== ENTRIES SHOWN ==
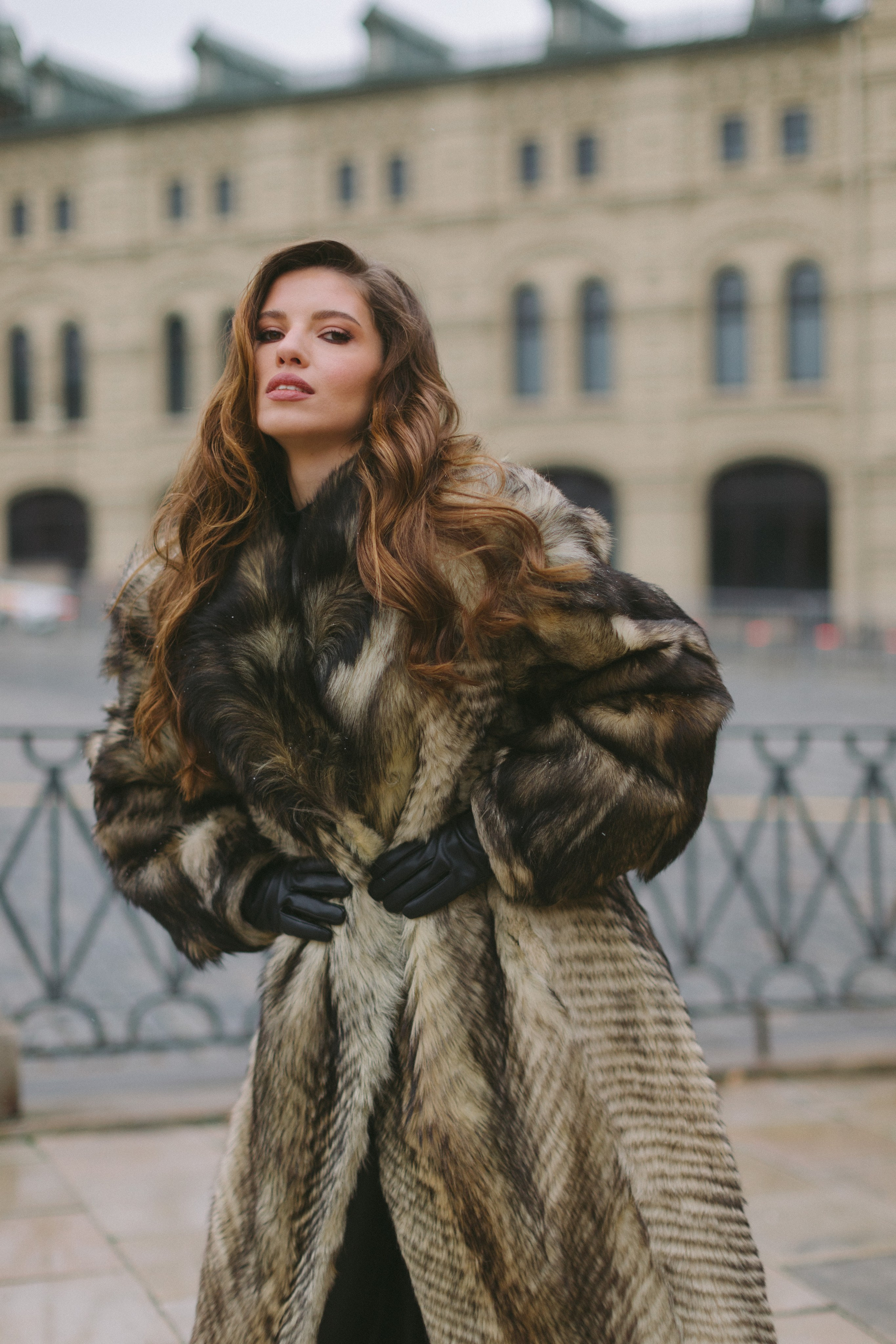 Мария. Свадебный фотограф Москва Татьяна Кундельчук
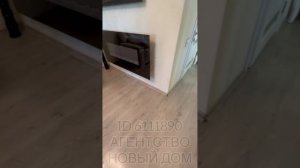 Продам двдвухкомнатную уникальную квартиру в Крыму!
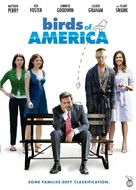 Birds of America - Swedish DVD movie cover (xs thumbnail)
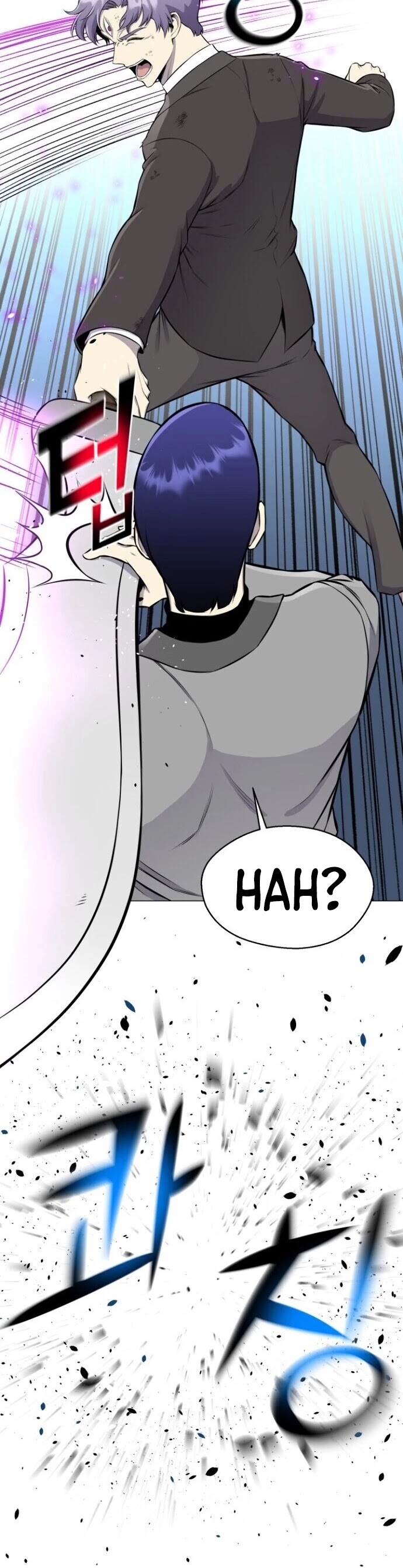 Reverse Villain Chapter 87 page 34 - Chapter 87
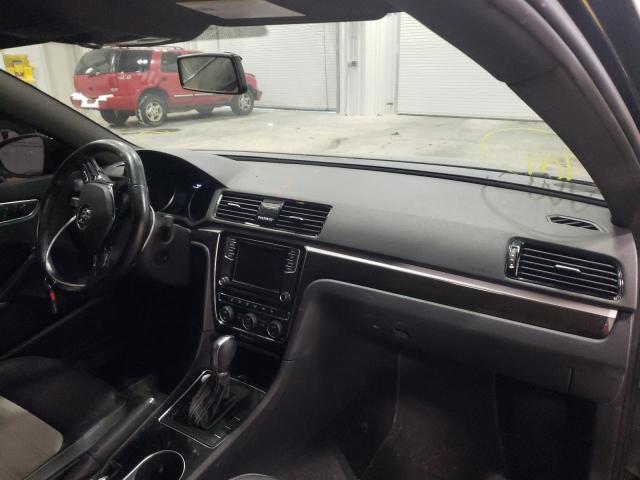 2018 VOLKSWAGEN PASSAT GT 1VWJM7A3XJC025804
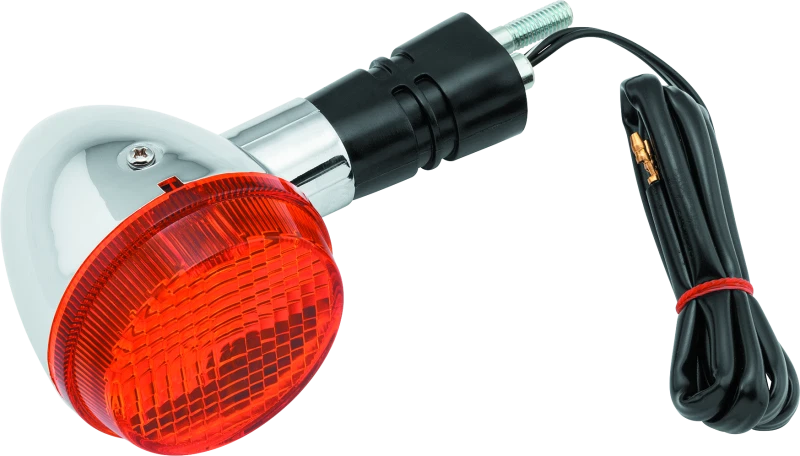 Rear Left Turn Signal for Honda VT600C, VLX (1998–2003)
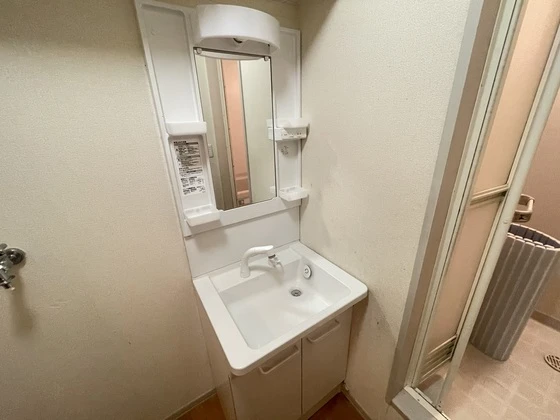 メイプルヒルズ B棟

== DIRECTIONS FOR THIS TASK ==
Skip the pictures and write out exactly the lines from the line containing "Продам двдвухкомнатную уникальную" through the end of the listing above.

== REPLY ==
 Продам двдвухкомнатную уникальную квартиру в Крыму!
 Birds of America - Swedish DVD movie cover (xs thumbnail)
 Reverse Villain Chapter 87 page 34 - Chapter 87
 2018 VOLKSWAGEN PASSAT GT 1VWJM7A3XJC025804
 Rear Left Turn Signal for Honda VT600C, VLX (1998–2003)
 メイプルヒルズ B棟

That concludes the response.